Should it compare in normalized form or not? Vietnamese might say yes because their forms vary by the input method/OS author uses. Japanese might say no because doing so may result in unexpected matches.

In which order should it apply when multiple values are specified? Before "uppercase" or after?

Should it support "[a-z]" notation just like "tr" command does? Doesn't regex give even more flexibility?

All these questions are not easy to answer without use cases in mind, and therefore I'm afraid that the feature may bloat if we don't have use cases we want to solve.

Håkon mentioned CSS Lists as an example, but I'd like to take it as an example from opposite side. CSS Lists gathered several values for i18n requirements, and when we had enough values on the table, we started thinking a generalized solution that can solve all those use cases. I like that approach because at that point, we might be able to answer to questions. We can also make sure that the generalized solution doesn't miss any important use cases.

If there's a transformation rule that can remove accents, not perfectly but can solve a good amount of cases, I'm glad to add the value to the spec, probably with at-risk though. It may not be implemented in Level 3, but having it on WD surely help to think about a generalized solution in future.


Regards,
Koji

-----Original Message-----
From: www-style-request@w3.org [mailto:www-style-request@w3.org] On Behalf Of Koji Ishii
Sent: Monday, October 10, 2011 2:36 PM
To: www-style@w3.org
Subject: RE: [css3-text] comments on text-transform

I agree that it's quite limited compared to, say, text-transform: uppercase, but is far more widely usable than, say, hiragana to katakana.

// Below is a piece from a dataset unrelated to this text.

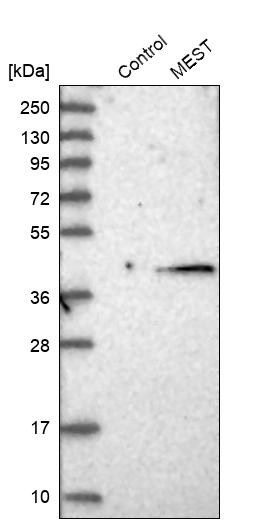 Anti-MEST Antibody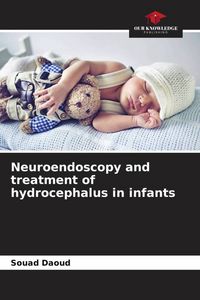 Produktbild: Neuroendoscopy and treatment of hydrocephalus in infants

For hiragana-to-katakana, I asked about this idea to several Japanese authors before but none of them wished to have it. It was not comprehensive research, but I think using hiragana/katakana distinction for stylistic reasons is rare, and even when used, it's a bit different from other styles such as bold, italics, underlines, or emphasis marks. I guess the closest thing in English is double-quoting a word to emphasize.

U+2014/2015 could be a good use case, but you can't switch styles based on fonts, so the feature isn't useful by itself alone.

I could be wrong because I don't have good idea on other examples, but I'm seeing this in the following perspective:
1. Are the requirements real, from real authors using the language in their real life?
2. How much are implementers interested in implementing them?
3. Is it worth to delay the CSS Text Level 3, or okay to postpone to level 4?

"Full-size-kana" suffices both 1 and 2, and it will not delay the spec as it was already defined.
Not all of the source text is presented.